Could you please transcribe the data exactly, without the pictures?

*** INFORMATION SUPPLIED ***

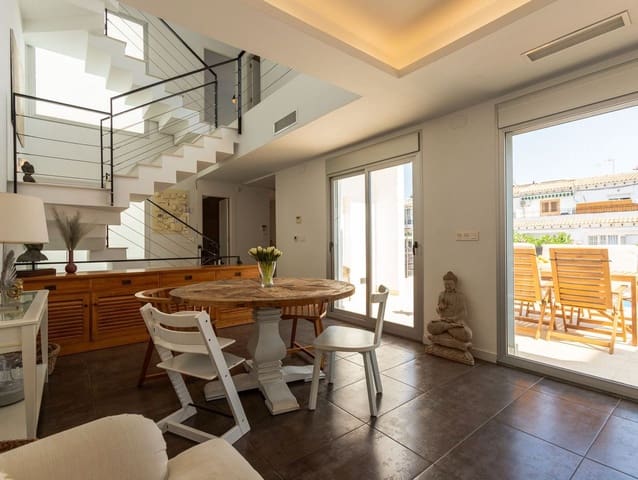 5 slaapkamer Huis te koop in Los Frutales, Torrevieja met zwembad - € 480.000 (Ref: 10017997)
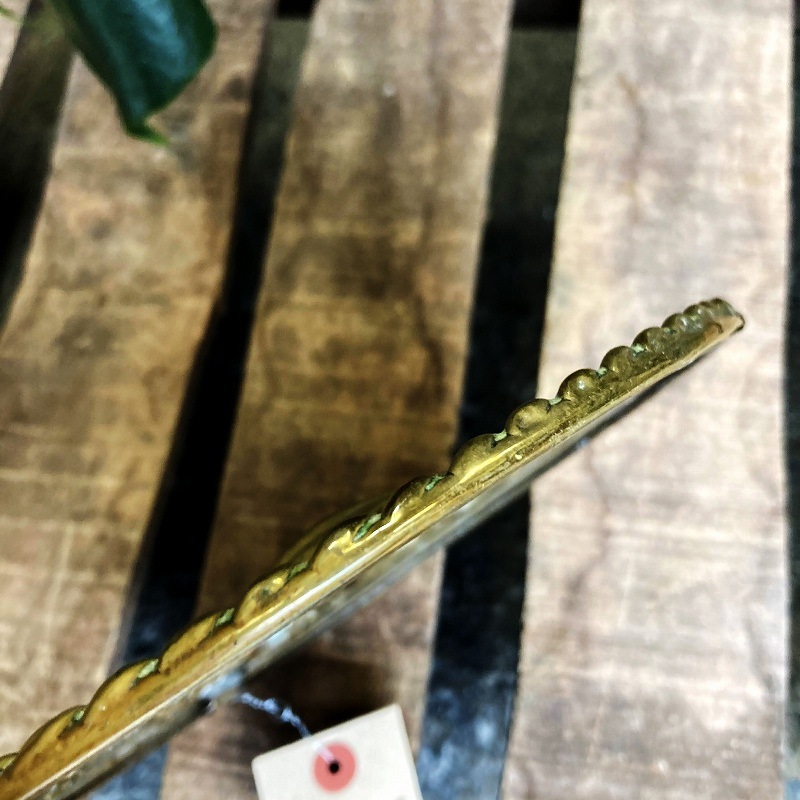 105625 生産国不明　フラワートレイ　真鍮製　ブラス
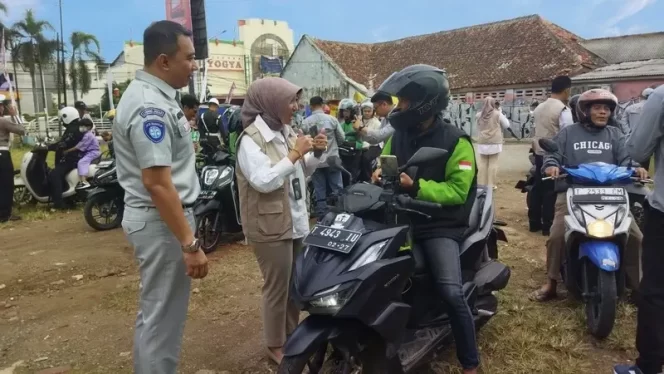 
					Pemeriksaan Kendaraan di Purwakarta, Jasa Raharja dan Bapenda Jabar Dorong Kepatuhan Pajak dan Keselamatan Jalan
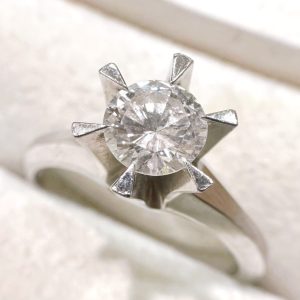 Pt900(プラチナ900) ダイヤモンドリング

***

REPLY:
 5 slaapkamer Huis te koop in Los Frutales, Torrevieja met zwembad - € 480.000 (Ref: 10017997)
 105625 生産国不明　フラワートレイ　真鍮製　ブラス
					Pemeriksaan Kendaraan di Purwakarta, Jasa Raharja dan Bapenda Jabar Dorong Kepatuhan Pajak dan Keselamatan Jalan
 Pt900(プラチナ900) ダイヤモンドリング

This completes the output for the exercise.